珍しい列車を撮ることについて
今回は撮り鉄の話。
珍しい列車の写真を撮ることを趣味にしている人は、一定数いる。たまにしか走らない業務用の列車だったり、何かの事情で一度きり運行される特別な列車だったり。
私も追いかけまわしていた。ただ、撮っているうちにだんだんモヤモヤしてきたんだな。これは本当に写真と言えるのか?って。すごく縛られた条件下に従って、列車の写真を撮るコンテストをやっているような気がしちゃうんだ。
写真を撮ってTwitterとかに上げる。同じ趣味を持つ人から「いいね」が付く。

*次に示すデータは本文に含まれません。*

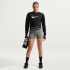 NIKE Pro Dri-FIT French Terry Sweatshirt Damen 010 -...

嬉しい。あとから写真を見返してニヤニヤする。友達に自慢する。それはそれでいいと思う。楽しいし。
しかし同時に、その写真に自分なりの表現とか、解釈は入っているのか。ただ珍しいというだけで、その写真は成り立っていはしないか。そういうことを考えると、珍しい列車だけを追いかけることに、あまり意味を見出せなくなってくるのもまた事実なんだな。
別に臨時列車や業務ネタを撮るなと言っているのではない。私も何か走るなら撮りに行くだろう。

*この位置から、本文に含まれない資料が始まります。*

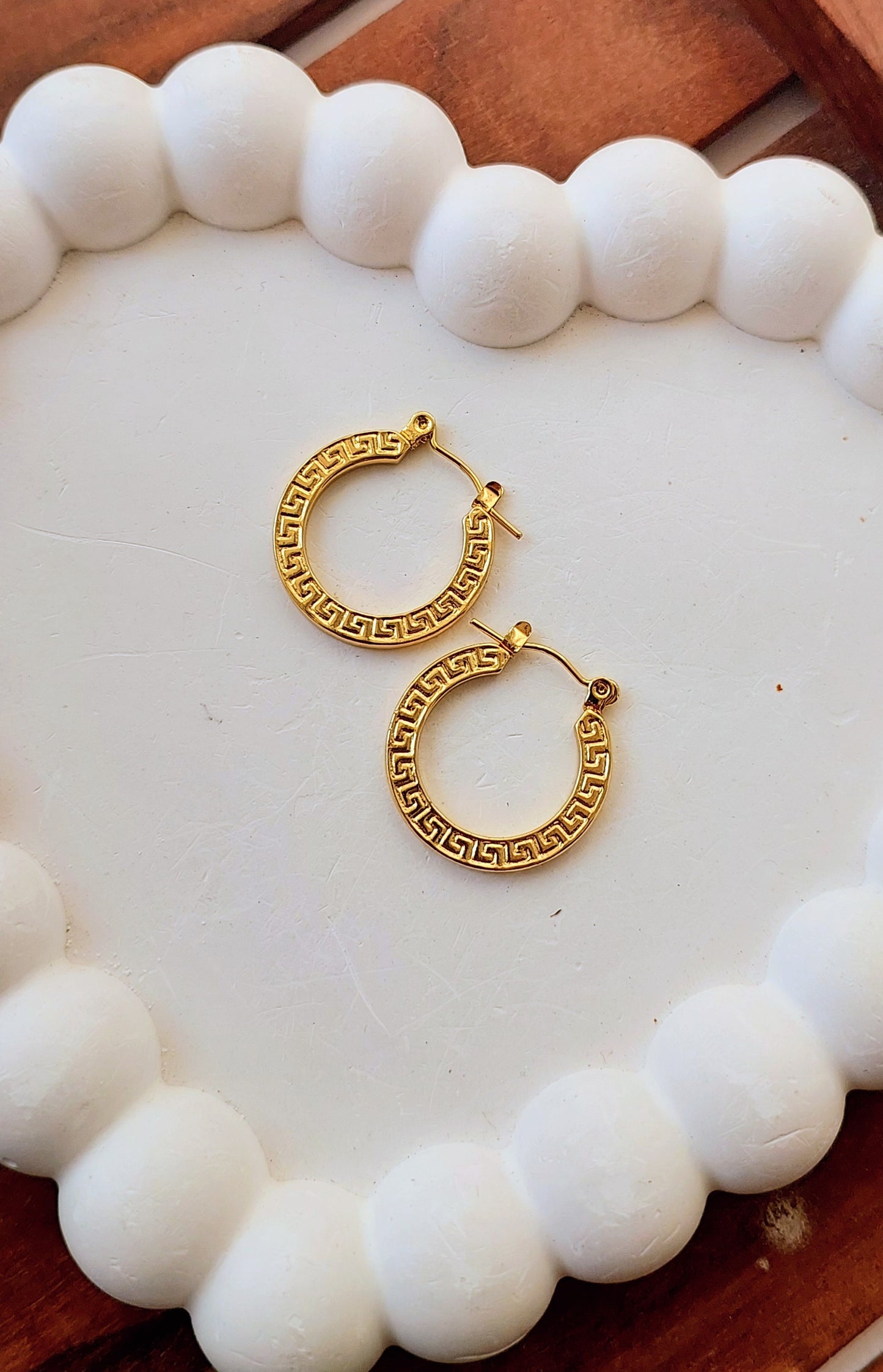 Anti Tarnish Hoop - 18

ただ、被写体の希少性だけに目を向けるというのは、写真としてどうなんだろうって思うわけ。それはただの記録写真ではないかと。自分が写し止めたことにこだわらないなら、誰かが撮った写真を後で見るだけでよくなってしまう。極端なことを言えば、その瞬間にその場所にいれば撮れる写真なのではないか?ってね。
単なる記録写真にとどまりがちな鉄道写真、それを芸術に昇華させられる人になりたいと思う。話が合う仲間と盛り上がるのは楽しいが、同時に、狭い世界だなとも思うのだ。